*What this task involves*:
Here, set down only the lines between the line that contains "Roewe RX8 2023" and the final line of the material, both included, exactly as written. Skip the pictures.

*Listed entries*:
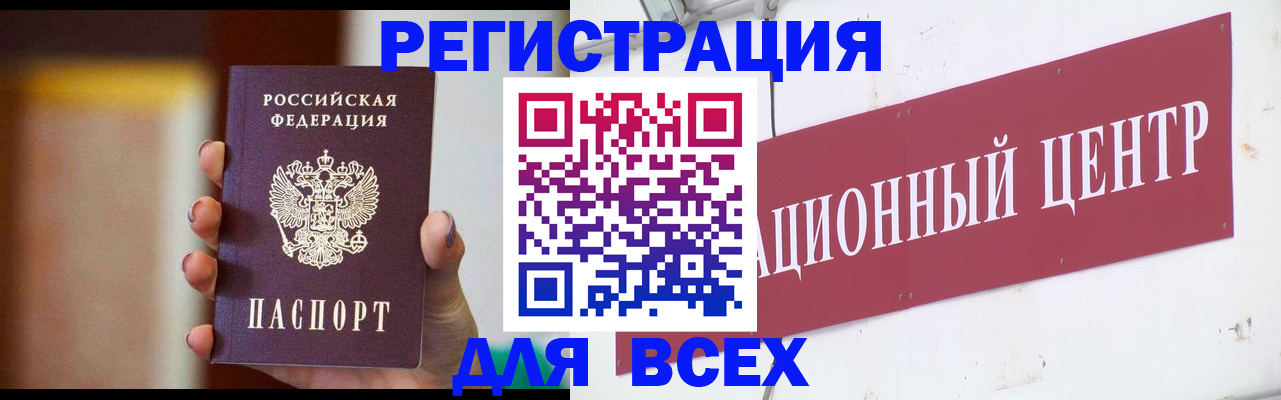 временная регистрация недорого в Чайковском
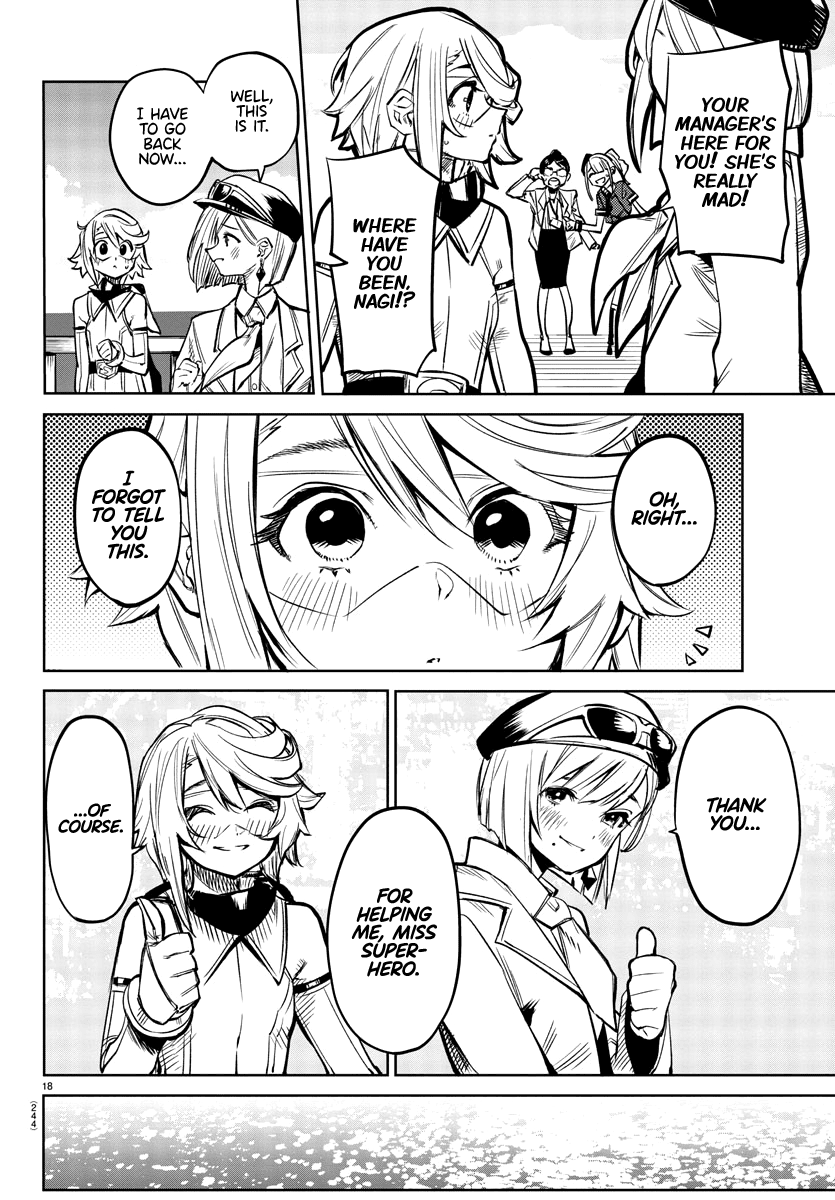 SHY Chapter 80 - Page 17 in English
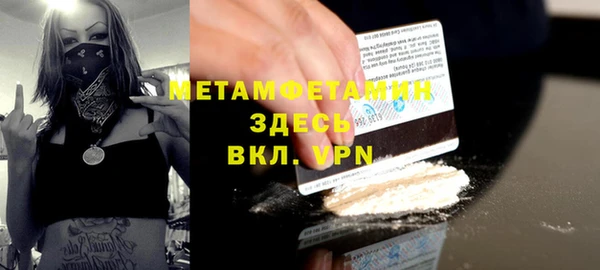 марихуана Медвежьегорск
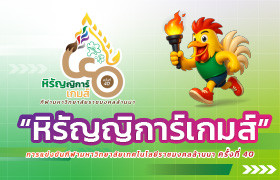 รูปภาพ : แนะนำ ตราสัญลักษณ์ (Logo) และสัญลักษณ์นำโชค(Mascot) การแข่งขันกีฬามหาวิทยาลัยเทคโนโลยีราชมงคลล้านนา ประจำปี 2568 ครั้งที่ 40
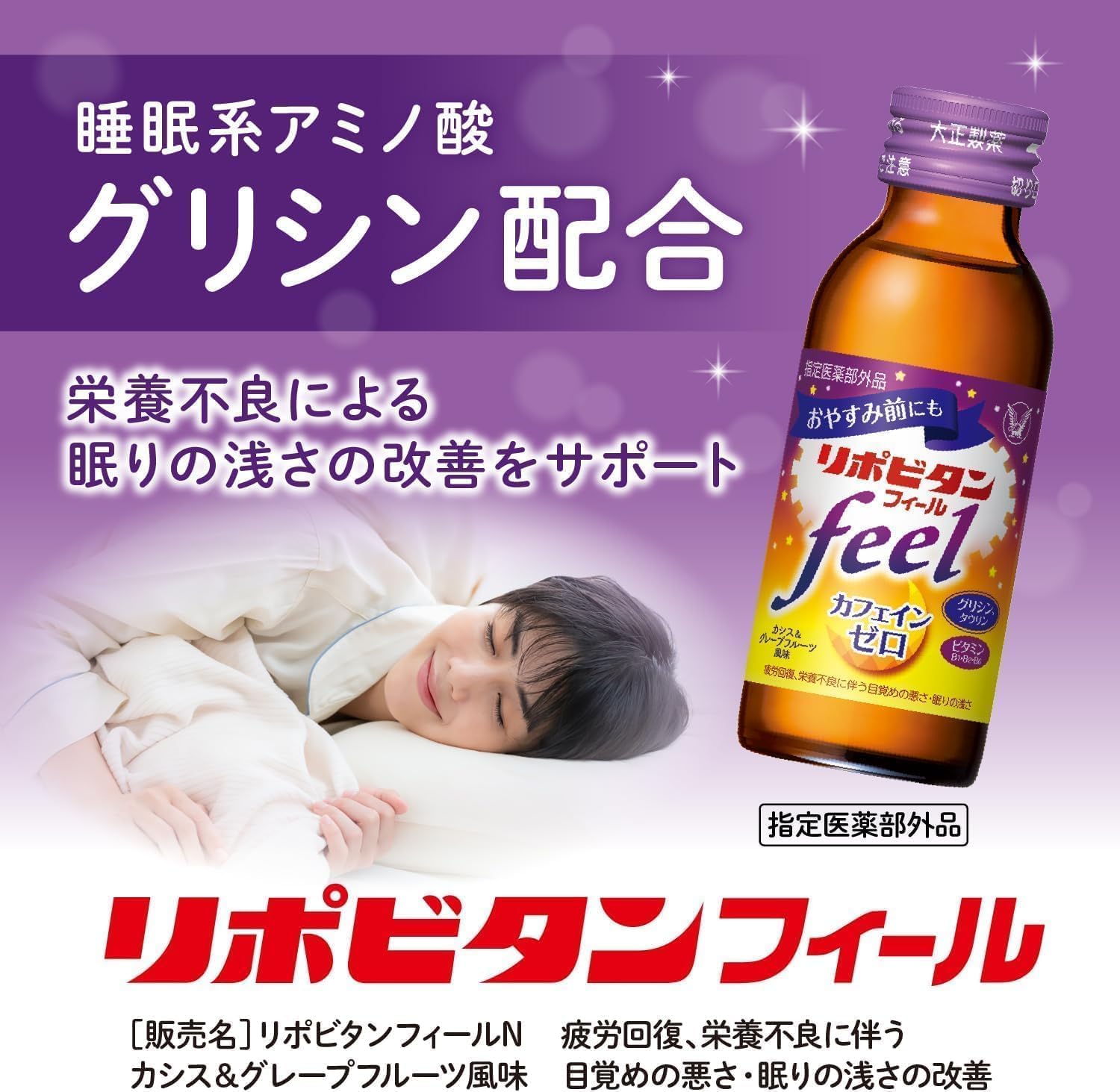 Amazon.co.jp: 【指定医薬部外品】リポビタンフィール 100mL×10本 大正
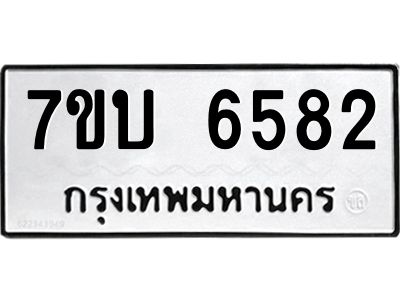 รับจัดหาทะเบียนรถ 6582 หมวดใหม่ 7ขบ 6582 ผลรวมดี 32  - N6903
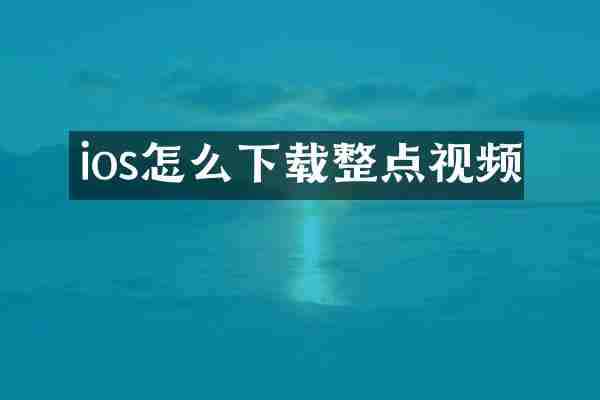 ios怎么下载整点视频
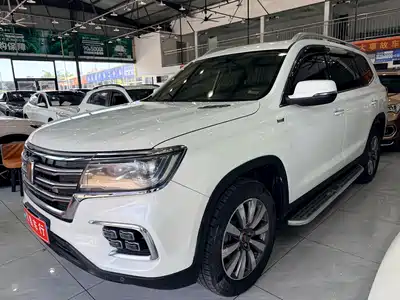 Roewe RX8 2023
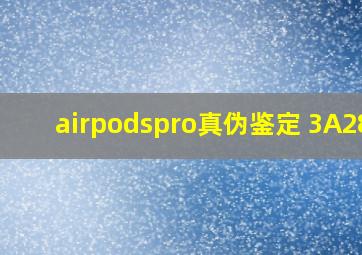 airpodspro真伪鉴定 3A283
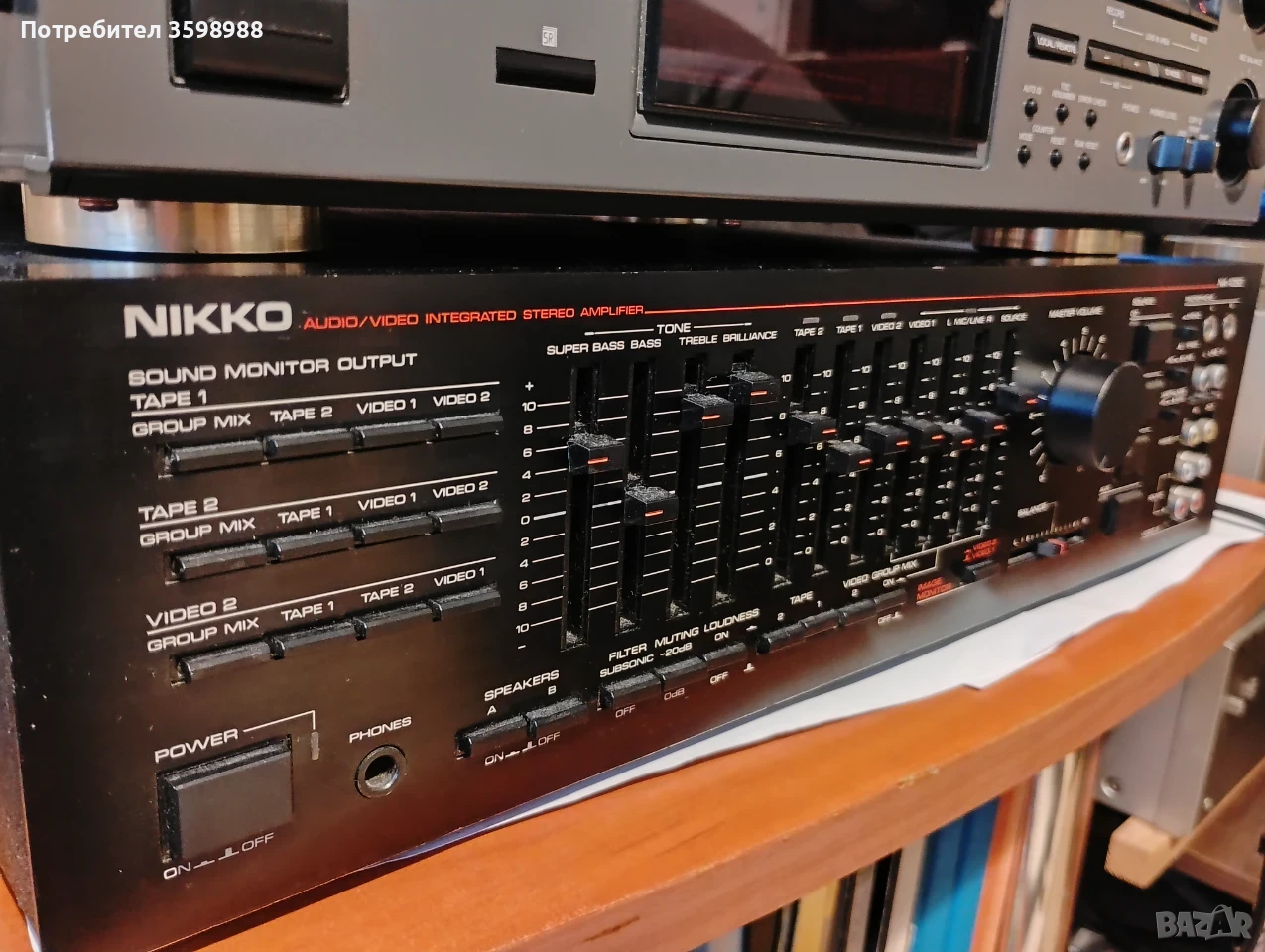 Nikko na-1050 аудио/видео усилвател , снимка 1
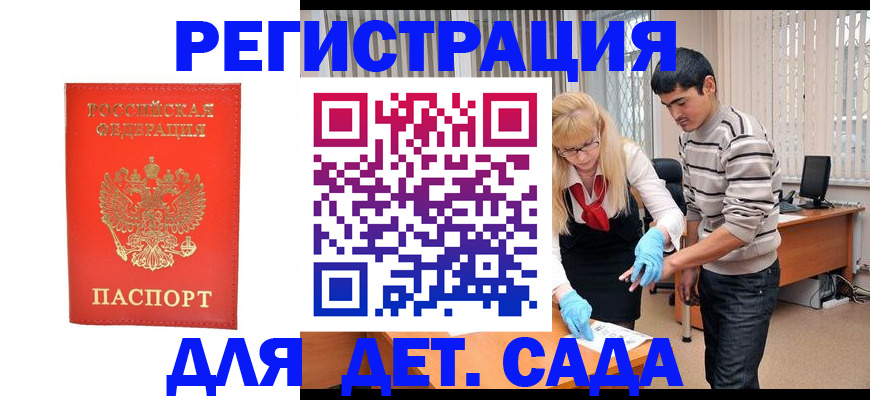 прописка в Ясном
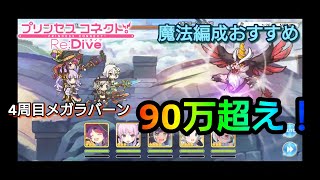 【プリコネR】11月クランバトル メガラバーンに90万超えダメージ 魔法編成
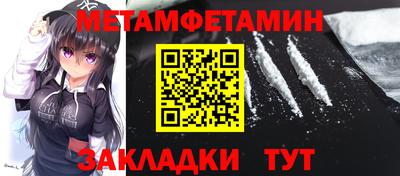 марихуана Апрелевка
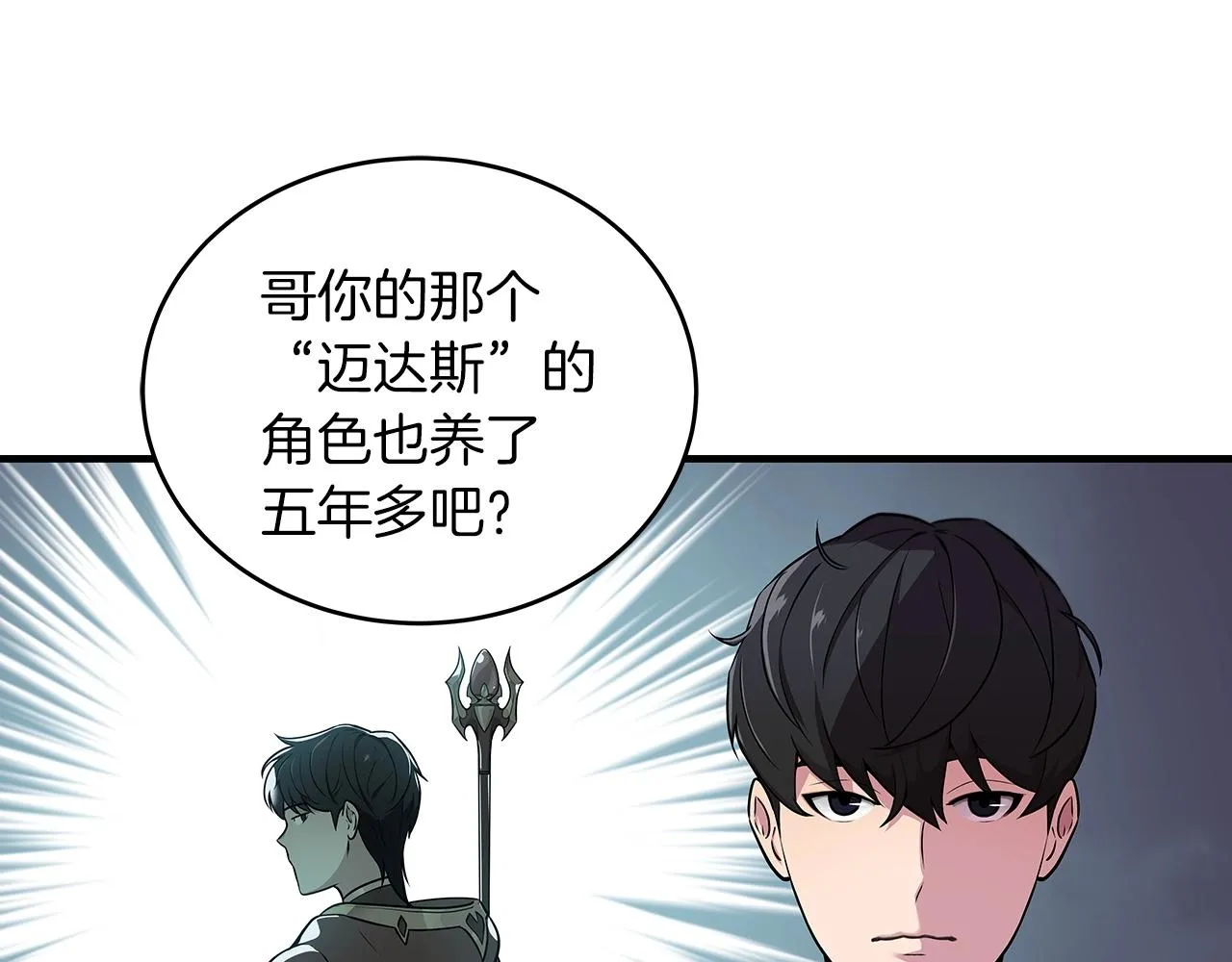 第1话 欧皇的觉醒 第138页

*The answer*:
 Roewe RX8 2023
 airpodspro真伪鉴定 3A283
 Nikko na-1050 аудио/видео усилвател , снимка 1
 прописка в Ясном
 【プリコネR】11月クランバトル メガラバーンに90万超えダメージ 魔法編成
 марихуана Апрелевка
 第1话 欧皇的觉醒 第138页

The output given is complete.